COG functional assignments

Hi everybody!

I am writing this post because I am a bit confused on how MEGAN assigned COG/ENOGG functional annotations.

I am going to expose my particular case.
I am working with genomes downloaded directly from the ncbi. I have aligned the genes of these genomes using diamond blastx against the nr database from the ncbi. However, with MEGAN I have obtained a considerable high number of genes with no hit (for instance, 1590 of 3800)
Reading the manual of MEGAN again, I have realized that in the section about MEGAN-Functional classification eggNOG, there is a recommendation for COG functional annotation:

“Hence, if a COG- based analysis is desired, then the database that is used in the BLAST alignment must contain RefSeq- ids”

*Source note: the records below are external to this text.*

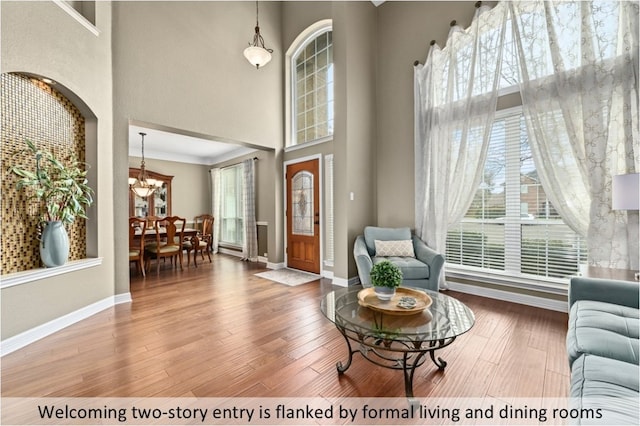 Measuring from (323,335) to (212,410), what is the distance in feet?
3.73

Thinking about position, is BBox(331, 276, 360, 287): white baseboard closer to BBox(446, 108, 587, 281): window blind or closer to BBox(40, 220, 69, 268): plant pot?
BBox(446, 108, 587, 281): window blind

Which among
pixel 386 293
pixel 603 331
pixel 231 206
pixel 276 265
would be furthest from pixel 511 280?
pixel 231 206

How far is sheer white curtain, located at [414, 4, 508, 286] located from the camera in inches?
132

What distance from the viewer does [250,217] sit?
6.17 metres

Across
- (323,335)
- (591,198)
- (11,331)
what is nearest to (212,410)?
(323,335)

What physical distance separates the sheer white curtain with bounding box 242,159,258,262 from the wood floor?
9.34 ft

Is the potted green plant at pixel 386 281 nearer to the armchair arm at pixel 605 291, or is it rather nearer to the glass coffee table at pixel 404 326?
the glass coffee table at pixel 404 326

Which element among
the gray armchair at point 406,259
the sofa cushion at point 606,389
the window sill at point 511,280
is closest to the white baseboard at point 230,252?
the gray armchair at point 406,259

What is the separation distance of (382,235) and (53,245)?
150 inches

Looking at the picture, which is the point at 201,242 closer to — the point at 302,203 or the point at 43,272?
the point at 302,203

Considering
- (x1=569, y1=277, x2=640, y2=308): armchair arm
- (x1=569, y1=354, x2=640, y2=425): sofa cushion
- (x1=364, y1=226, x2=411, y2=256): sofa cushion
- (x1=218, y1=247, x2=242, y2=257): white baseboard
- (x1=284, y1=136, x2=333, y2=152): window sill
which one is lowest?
(x1=218, y1=247, x2=242, y2=257): white baseboard

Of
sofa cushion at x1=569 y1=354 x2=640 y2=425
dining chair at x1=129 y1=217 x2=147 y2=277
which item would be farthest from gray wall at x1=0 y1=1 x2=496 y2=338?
sofa cushion at x1=569 y1=354 x2=640 y2=425

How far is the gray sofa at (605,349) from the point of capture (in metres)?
1.02

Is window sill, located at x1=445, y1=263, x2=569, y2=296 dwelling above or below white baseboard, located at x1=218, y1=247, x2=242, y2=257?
above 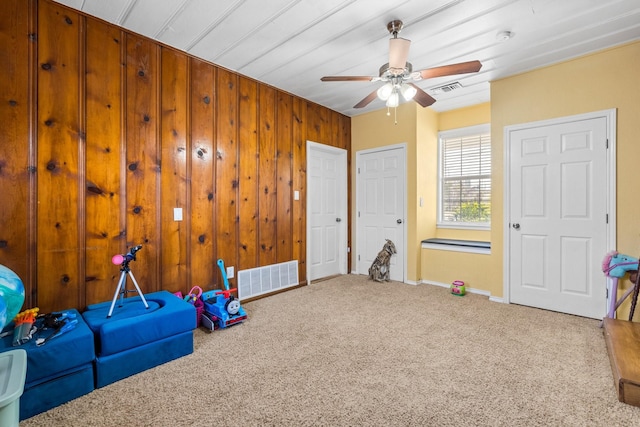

So, the next step was to reduced the nr_database with only sequences with ref_seq ids. However, after using this nr_ref_seq database, MEGAN still didn’t show an improvement in the number of genes with COG functional annotation. In fact, in some genomes the number of genes with no COG assignment has increased. Looking close to those genes, I observed that most of them showed a besthit with really good % identities and e-values, as in the following case.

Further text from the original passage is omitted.